Incorporating hip-hop moves into ballet was a similar experience for Alee Martinez, who also taught at the Peninsula Ballet.

“When I started, I had a lot of ballet students and it’s cool to offer something different,” she said. “There are dancers stuck in the same routine, and you ask them to do the exact opposite, like it’s OK to drop your shoulders. It’s a whole new thing.”

Alee Martinez and Isaac "Stuck" Sanders
Isaac "​​​​​​Stuck" Sanders and Alee Martinez play the roles of the Nutcracker Prince and Clara in Hip-Hop Nutcracker | Credit: Lance Huntley

In 2010, when the Peninsula Ballet moved to the former Circuit City building with 30,000 feet and six studios in 2010, executive director Christine Leslie decided to use the space for dance of all kinds. Hip-hop classes are some of the most popular and always full, she says. In 2016, she asked Martinez and Sanders, partners in life as well as dance, to create a hip-hop Nutcracker.

It’s been extremely popular, selling out every year. But when Leslie asked them, neither Sanders, who’s from Sacramento, where he did street dance, nor Martinez, who grew up in San Jose with parents who took part in salsa competitions around the Bay Area, were familiar with the 1892 two-act Tchaikovsky ballet with its mice, prince, and Sugar Plum Fairy.

They watched a recording and immediately had ideas of what they could do, involving flipping the story on its head but keeping what people loved about the ballet.

“When we were first watching it in our apartment, we were trying to get an understanding of the characters and there was some trial and error,” Martinez said. “For those people who come to the show annually, they definitely notice things that we fix or change.”

They try and keep it as Nutcracker as possible, Sanders added.

“For example, with “Waltz of the Flowers,” we use the music,” he said. “We’re not necessarily waltzing, but we do a lot of gliding, and it’s pretty graceful and beautiful.”

The dancers in the Nutcracker, many of them battle and street dancers, look forward to being part of the ballet each December, Sanders said.   

“It’s the highlight of a lot of the dancers’ year, and it’s so pure and so exciting,” he said. “We all put in so much work and it’s like a huge puzzle we’re putting together. It’s so fulfilling.”

Sanders loves children’s reaction to the ballet and the wonder it inspires. His and Martinez’s daughter has grown up with the Nutcracker, and she’s a big fan.

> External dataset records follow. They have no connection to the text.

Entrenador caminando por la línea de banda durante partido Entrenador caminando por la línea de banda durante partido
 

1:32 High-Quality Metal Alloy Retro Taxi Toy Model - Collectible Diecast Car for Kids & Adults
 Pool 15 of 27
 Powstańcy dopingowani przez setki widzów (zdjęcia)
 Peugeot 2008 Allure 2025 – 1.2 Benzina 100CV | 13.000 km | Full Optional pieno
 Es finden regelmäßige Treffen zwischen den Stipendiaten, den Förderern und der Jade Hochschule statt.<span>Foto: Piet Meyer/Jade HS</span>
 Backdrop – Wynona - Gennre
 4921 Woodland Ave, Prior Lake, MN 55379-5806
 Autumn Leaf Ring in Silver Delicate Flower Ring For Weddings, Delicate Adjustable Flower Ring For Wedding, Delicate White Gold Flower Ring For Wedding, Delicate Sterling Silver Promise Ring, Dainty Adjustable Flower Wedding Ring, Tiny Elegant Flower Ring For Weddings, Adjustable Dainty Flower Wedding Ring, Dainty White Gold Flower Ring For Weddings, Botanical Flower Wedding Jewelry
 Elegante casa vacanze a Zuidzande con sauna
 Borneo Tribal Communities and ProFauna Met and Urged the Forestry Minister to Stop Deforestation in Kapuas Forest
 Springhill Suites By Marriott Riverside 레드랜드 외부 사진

“We started doing this five years ago and now my daughter is 4, and she’s so familiar with the Nutcracker,” he said. “It’s cool to see her. No matter what song comes on, she knows right away, and she says, ‘Daddy, it’s the Nutcracker.’ So now that tradition is in our family too.”

"Hip-Hop Nutcracker"
A scene from Peninsula Ballet Theatre's Hip-Hop Nutcracker | Courtesy of Peninsula Dance Theatre

The show has been so successful that the Peninsula Ballet also added a hip-hop Halloween and an upcoming hip-hop Cinderella (premiering March 11–12).

Leslie says after the performances at Redwood City’s Fox Theatre, often the audience members and the performers will dance together in the square outside. She credits Martinez and Sanders for the enthusiastic response to the shows.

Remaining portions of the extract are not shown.